**AVAILABLE DATA**
▼▼▼

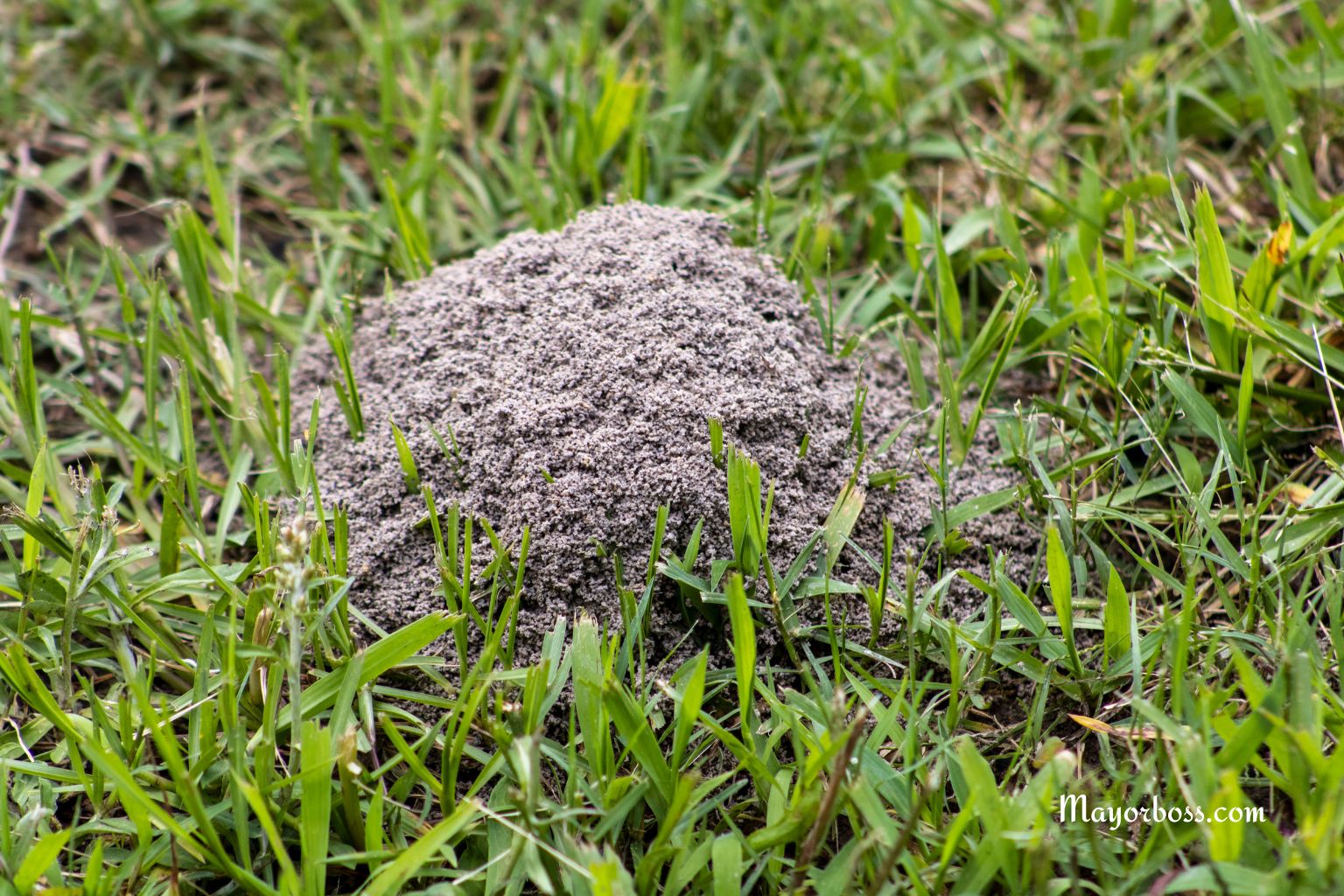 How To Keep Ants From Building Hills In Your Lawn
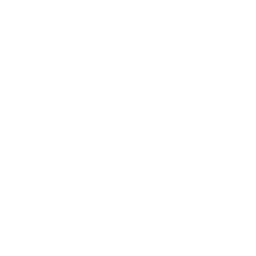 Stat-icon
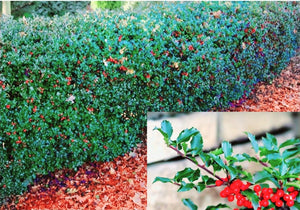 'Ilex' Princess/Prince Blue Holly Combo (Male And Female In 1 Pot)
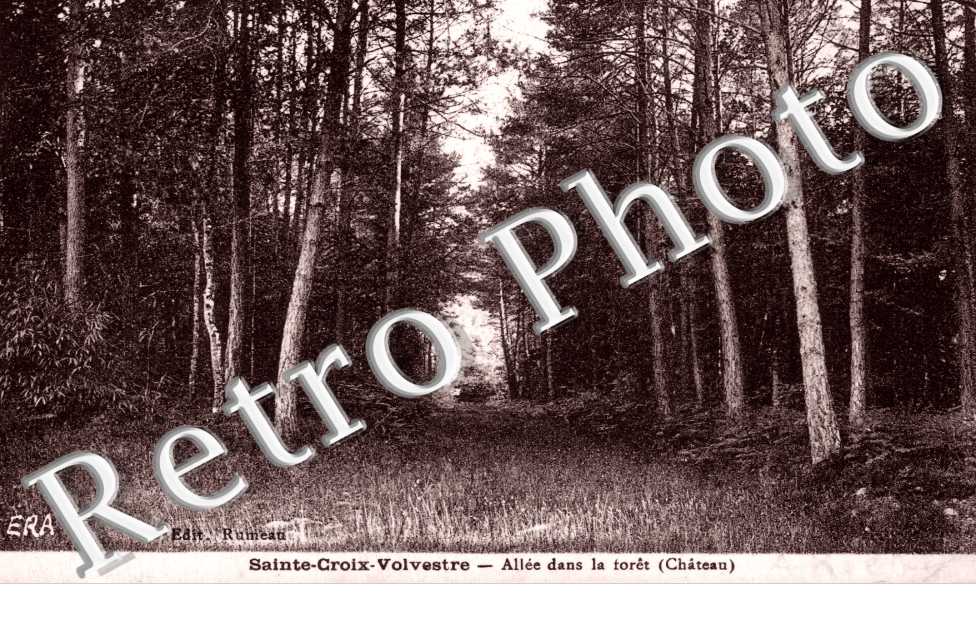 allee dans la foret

▲▲▲

Both the line containing "Female In 1 Pot)" and the last line of the listing above belong in the copy, along with every line between them; retype them exactly and omit the pictures.

 'Ilex' Princess/Prince Blue Holly Combo (Male And Female In 1 Pot)
 allee dans la foret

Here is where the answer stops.